Still my concern is that EP implementers will not know what to calculate
since their product may use different types of codecs.
Roni
> -----Original Message-----
> From: Alan Clark [mailto:alan.d.clark at telchemy.com]
> Sent: Thursday, July 26, 2007 10:59 PM
> To: Even, Roni; 'David R Oran'; 'AVT WG'
> Subject: RE: [AVT] Suggestion for how to handle
> derived/computedmetricindraft-avt-rtcpxr-*
>
>
> Roni
>
> Certainly there is a difference between voice and audio codecs. In the
> case
> of voice codecs (both narrowband and wideband) the methods for
objectively
> measuring the quality of the call and for taking codec characteristics
> into
> account is well understood - there are admittedly several approaches
> however
> there are existing standards that address means for calculating
objective
> estimates of MOS and even for conformance testing of algorithms that
do
> this.
>
> The approach used for voice quality is fairly straightforward. There
are
> several parameters that are defined on a codec specific basis -
notably Ie
> and Bpl, where Ie identifies the quality degradation due to the
encoder
> and
> Bpl the robustness of the PLC algorithm against packet loss/ discard.
The
> endpoint incorporates a small table of these values for each voice
codec
> that it supports. Based on the codec selected for the call - the
> appropriate parameters are used. Some other parameters, for example
> signal
> level, noise level, echo, delay, are less codec dependant. A good
source
> of
> information on how to do this using G.107 is ITU-T Recommendation
G.799.1,
> which is a VoIP trunking gateway standard that incorporates a clear
> definition of how to compute the R factors and MOS scores required by
RTCP
> XR.
>
> Methods for measuring audio quality are less heavily standardized at
this
> time, although there are ITU standards such as G.1070 (for IP
> videoconferencing) that incorporate voice, video and multimedia
quality
> metrics and ITU-R BS-1387 (which is a PESQ-like algorithm for audio).
> There
> is ongoing work within the industry related to IPTV audio stream
> measurement
> that is occurring in at least three different standards organizations.
>
> I'd be happy to put together an informational document that outlines
> existing approaches to objective voice/ audio/ video performance
> measurement
> and reviews some of the current industry activities - if that would be
> useful?
>
> Regards
>
> Alan
>
>
>
>
>
> -----Original Message-----
> From: Even, Roni [mailto:roni.even at polycom.co.il]

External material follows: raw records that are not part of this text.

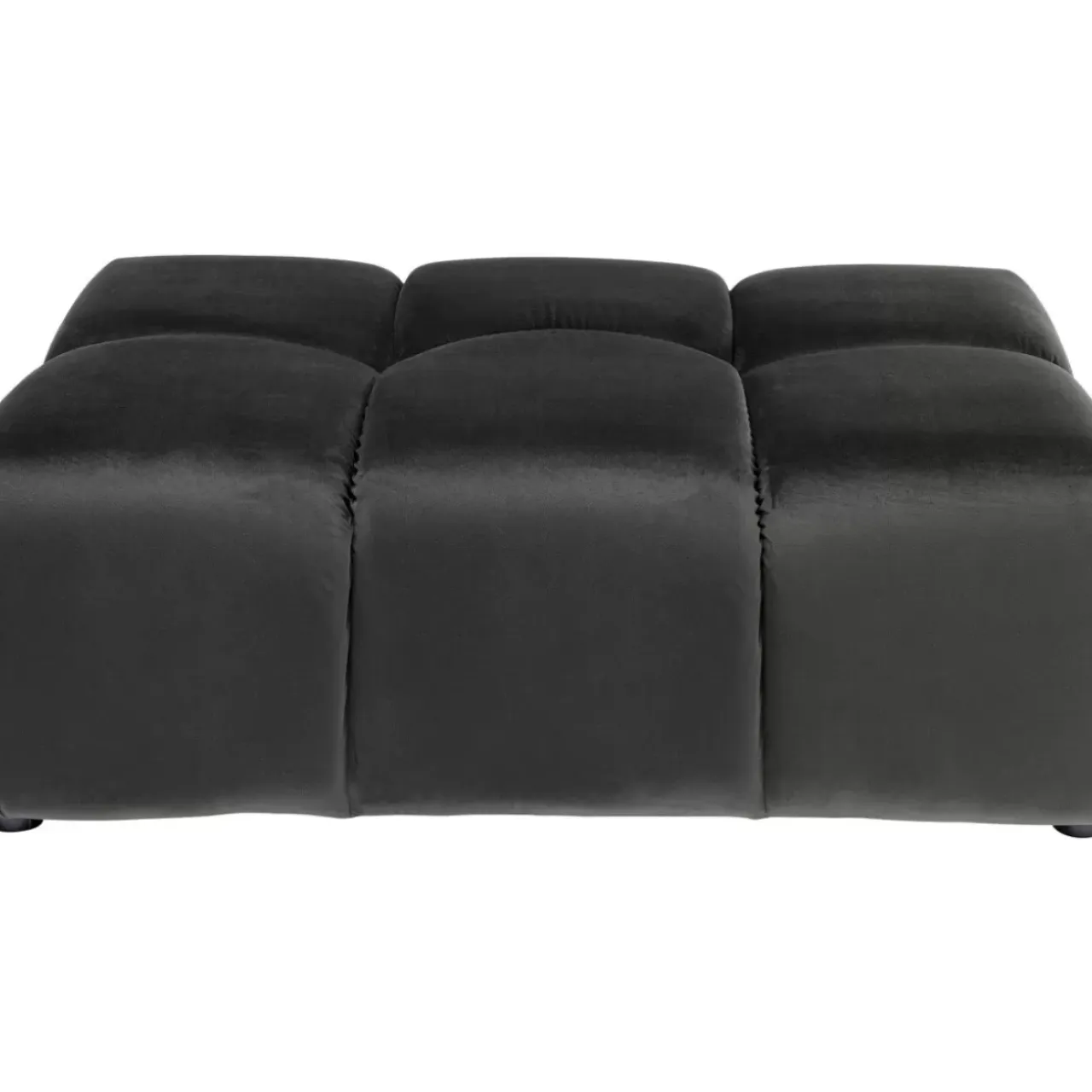 Sitzbänke-KARE Design Hocker Belami Velvet Grau 105X70Cm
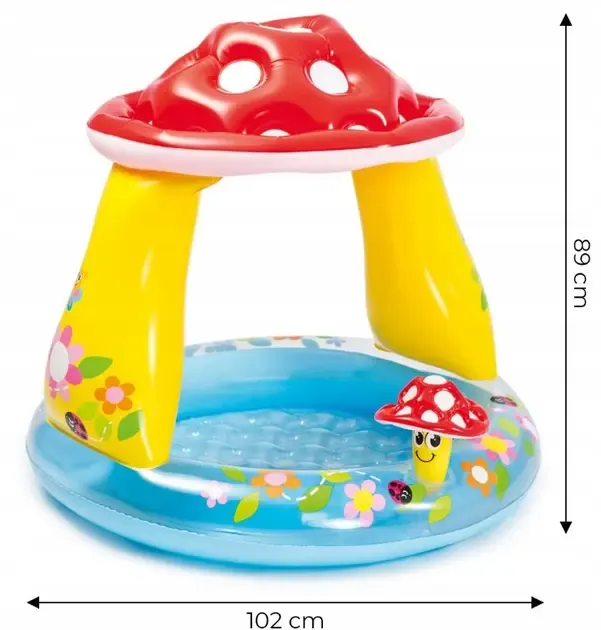 Надувной бассейн Intex Грибочек 102 x 89 см 57114 Коломыя - изображение 3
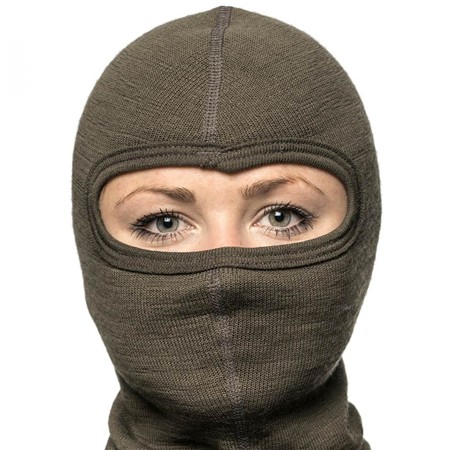 Cagoule Woolpower Balaclava 200 - Pine Green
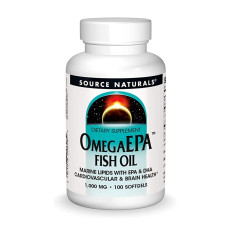 Source Naturals OmegaEPA™ Fish Oil 1000mg - 100 softgels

> Sent: Thursday, July 26, 2007 3:30 PM
> To: Alan Clark; David R Oran; AVT WG
> Subject: RE: [AVT] Suggestion for how to handle
> derived/computedmetricindraft-avt-rtcpxr-*
>
> Alan,
> What bothers me is that in my view many people building audio and
video
> EPs
> will use codecs that come from the DSP manufacturer or from a open
source
> library. It will be difficult to them to choose the right metrics. I
am
> not
> the biggest expert on quality assessments but I think that there is a
> difference between the current voice codecs (3, 7Khz) and the new
audio
> ones
> (14 and 20Khz) which are now used in video conferencing and are coming
to
> VOIP applications in term of the quality assessment.
>
> Now how do you expect a non-educated EP developer to know what is the
> right
> way to calculate the quality. How will he calculate quality if his
system
> may use G.711 in one call and AAC-LD in a second call. It needs either
to
> be
> very easy to understand or just ask him for raw data.
>
> Roni
>
> > -----Original Message-----
> > From: Alan Clark [mailto:alan.d.clark at telchemy.com]

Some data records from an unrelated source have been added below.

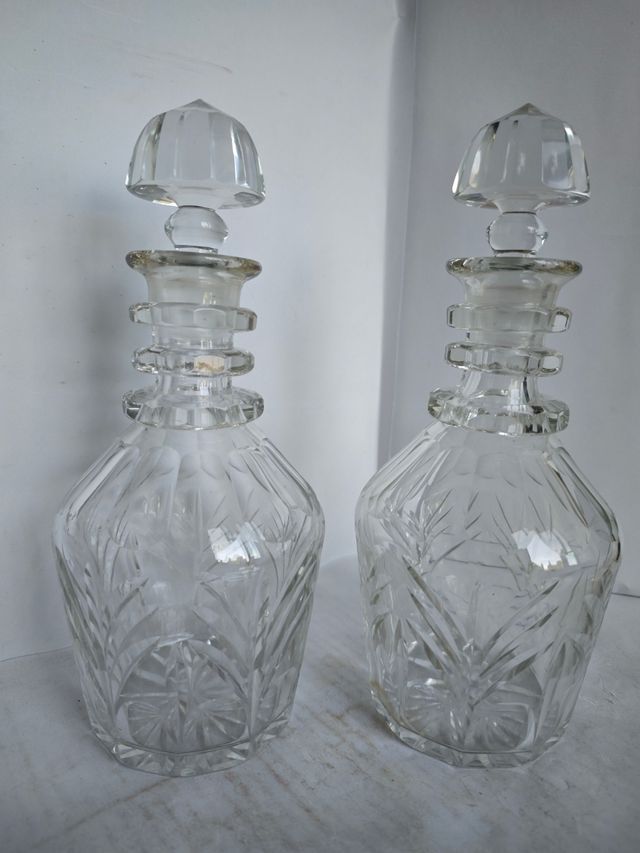 Decanter Cristallo Inciso - 2pz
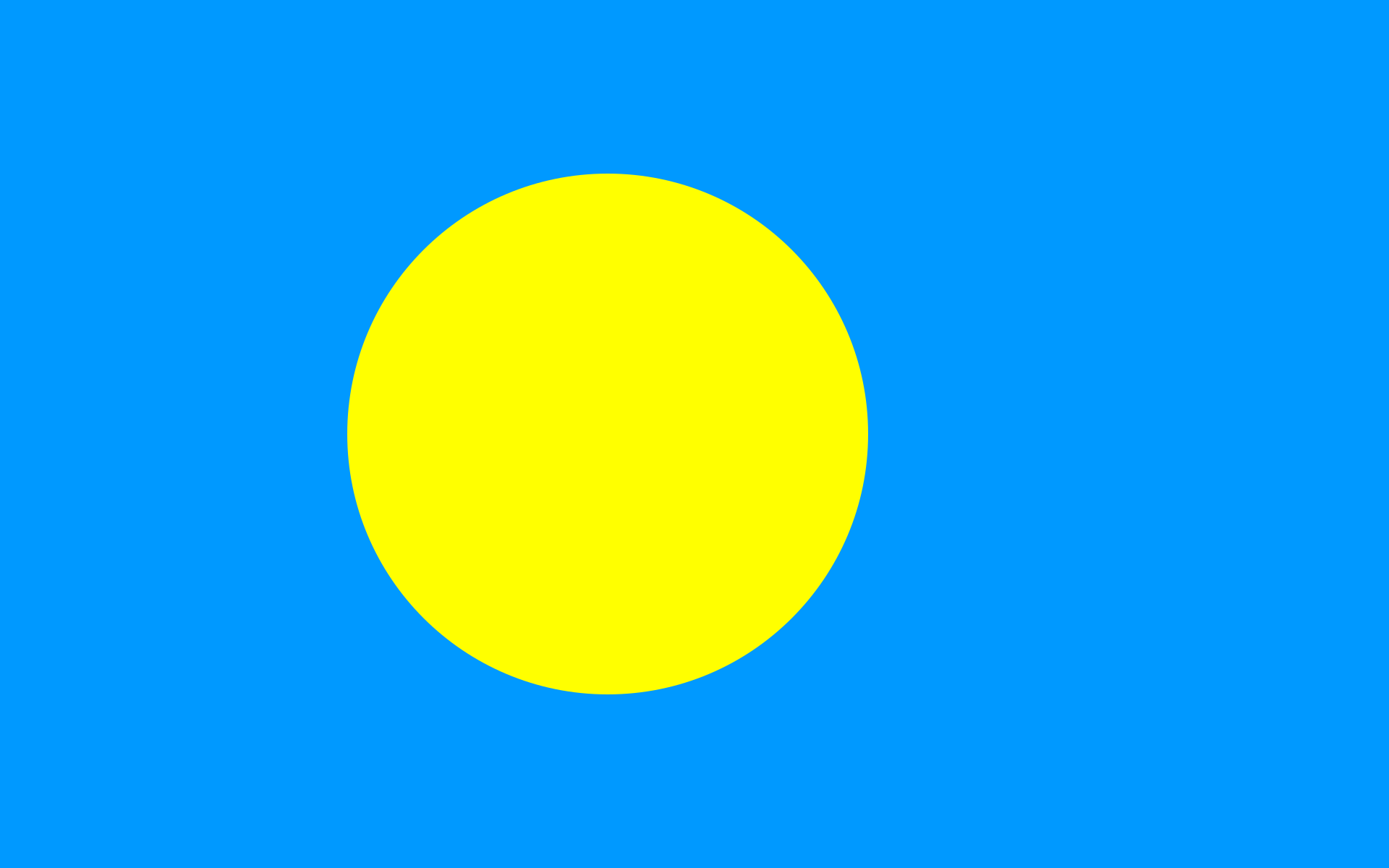 Flag of The Republic of Palau
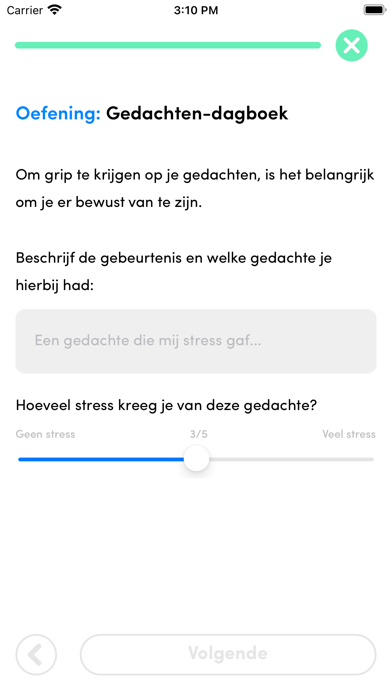 FiveSteps: mental fitness Screenshot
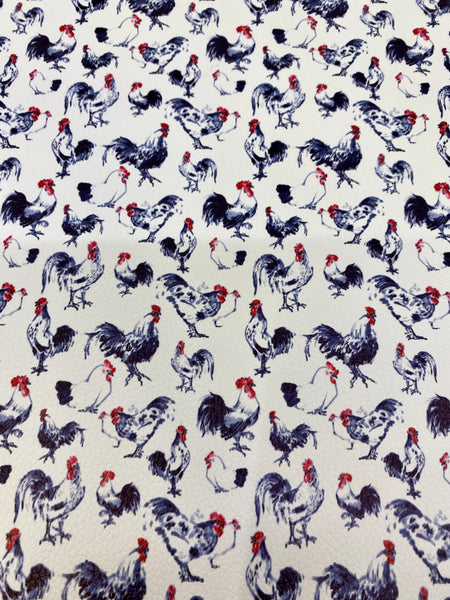 "Chickens" Textured Faux Leather Sheet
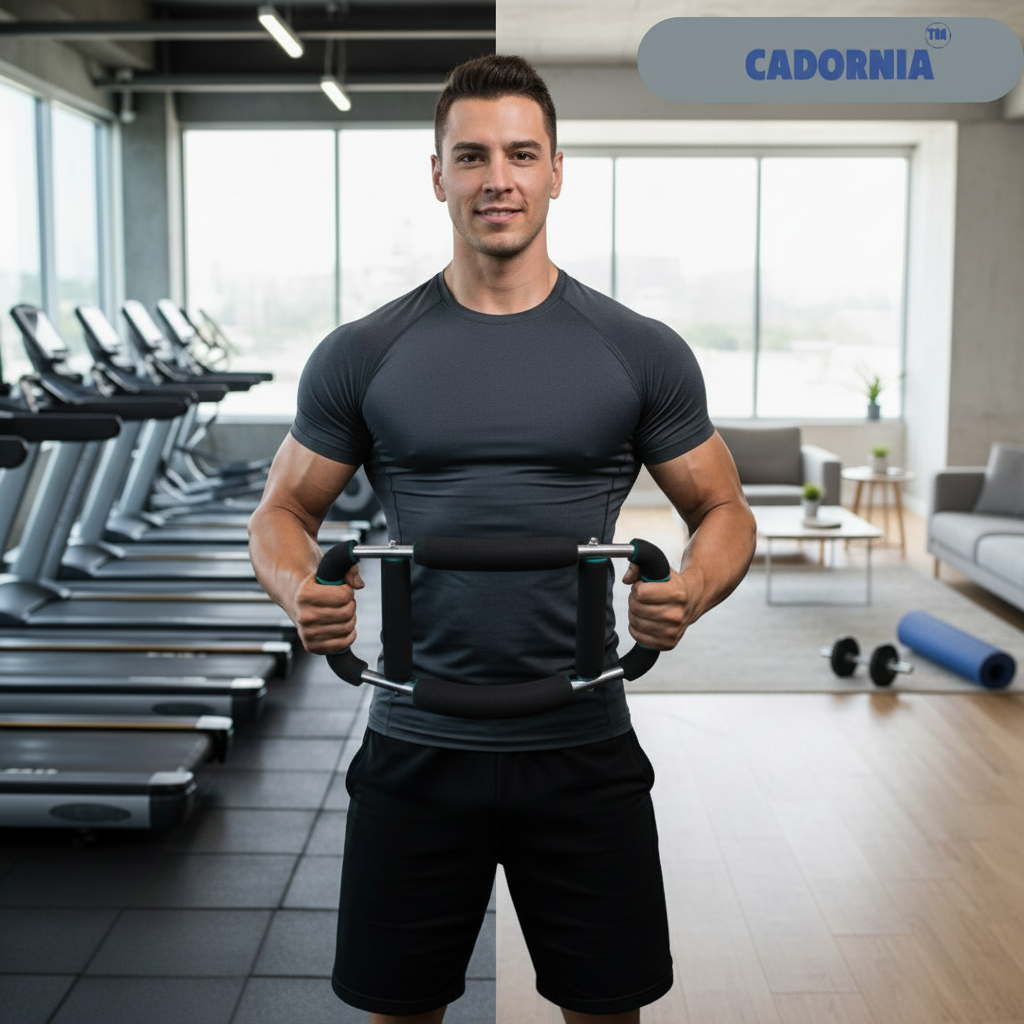 Cadornia Bar™ — A barra de musculação revolucionária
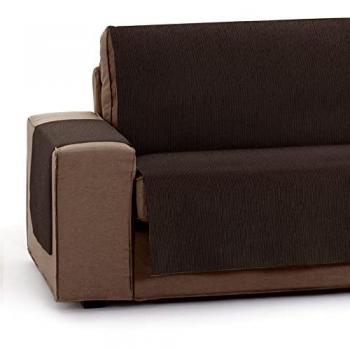 Vipalia protector funda sofa. cubresofa. chenilla lisa. diseño elite. color marron. 2 plazas 115 cm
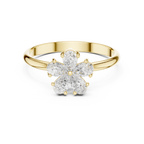 0.46 CT Pear Cut Diamond Floral Cluster Ring
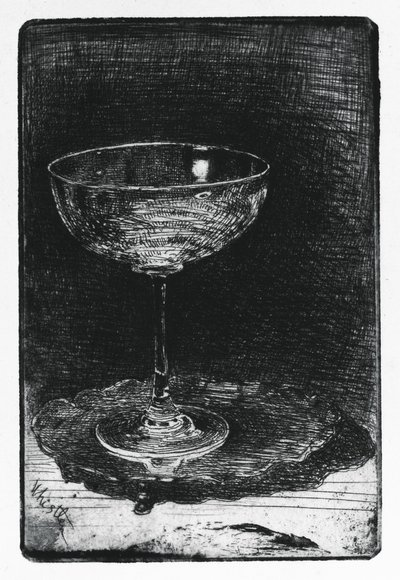 Das Weinglas von James Abbott McNeill Whistler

> > Sent: Tuesday, July 24, 2007 1:08 AM
> > To: 'David R Oran'; 'AVT WG'
> > Subject: RE: [AVT] Suggestion for how to handle derived/computed
> > metricindraft-avt-rtcpxr-*
> >
> > Dave
> >
> > I agree with the general tenor of your thoughts. I also agree that
we
> > should not mandate that endpoints have to implement any particular
set
> of
> > derived metrics - these should be optional and should be implemented
> based
> > on their usefulness.
> >
> > For cases in which there is a fairly well defined metric class (e.g.
> MOS
> > for
> > speech) then I suggest that we do define a separate draft for that
> with a
> > registry of algorithms that could be (optionally) used - it is
easier
> to
> > update a registry with information that a new version of ITU-T G.xxx
> is
> > available than it would be to generate a new draft.
> >
> > Regards
> >
> > Alan
> >
> >
> > -----Original Message-----
> > From: David R Oran [mailto:oran at cisco.com]
> > Sent: Monday, July 23, 2007 5:51 PM
> > To: AVT WG
> > Subject: [AVT] Suggestion for how to handle derived/computed metric
> > indraft-avt-rtcpxr-*
> >
> > At the Mic during the AVT session I sketched a vague idea for how to
> > resolve the conflict between the desire on the part of many folks to
> > only
> carry
> > raw/primitive instrumented measurements in RTCP-XR, and other
equally
> > vocal, who argued for carrying the derived/computed metrics as well.
> >
> > I won't repeat the pro/con arguments here. Let's assume we want to
> carry
> > both.
> >
> > The chairs asked me to write up my vague thoughts as the beginnings
of
> a
> > concrete proposal.
> >
> > Some particular technical difficulties with the derived metrics that
> makes
> > them different from the primitive measurements is:
> > - there are competing standards for how to compute them
> > - the results are not generally aggregatable, comparable, or self-
> > describing.
> > - the set of interesting derived metrics is not small and seems to
be
> > growing, so it will be difficult to nail these down for stable RTCP
> > reporting.
> >
> > This makes it problematic to mix primitive and derived metrics in
the
> same
> > metric blocks in RTCP.
> >
> > So, my suggestion is to do the following.
> >
> > - A standards body who defines one or more consistent derived
metrics
> may
> > create (by bringing a draft to IETF) a separate metric block for
those
> > metrics.
> > - The block and its contained derived/computed metrics would be
> completely
> > self-describing in terms of exactly what version of what standard
> defines
> > the block.
> > - The definition of the metric would explicit contain the input
> variables,
> > in order to ensure that those inputs are separately available as
> primitive
> > metrics in the RTCP-XR. This increases the probability that any
metric
> > that is computable by the endpoint is also computable by a central
> > element receiving and processing RTCP-XR reports.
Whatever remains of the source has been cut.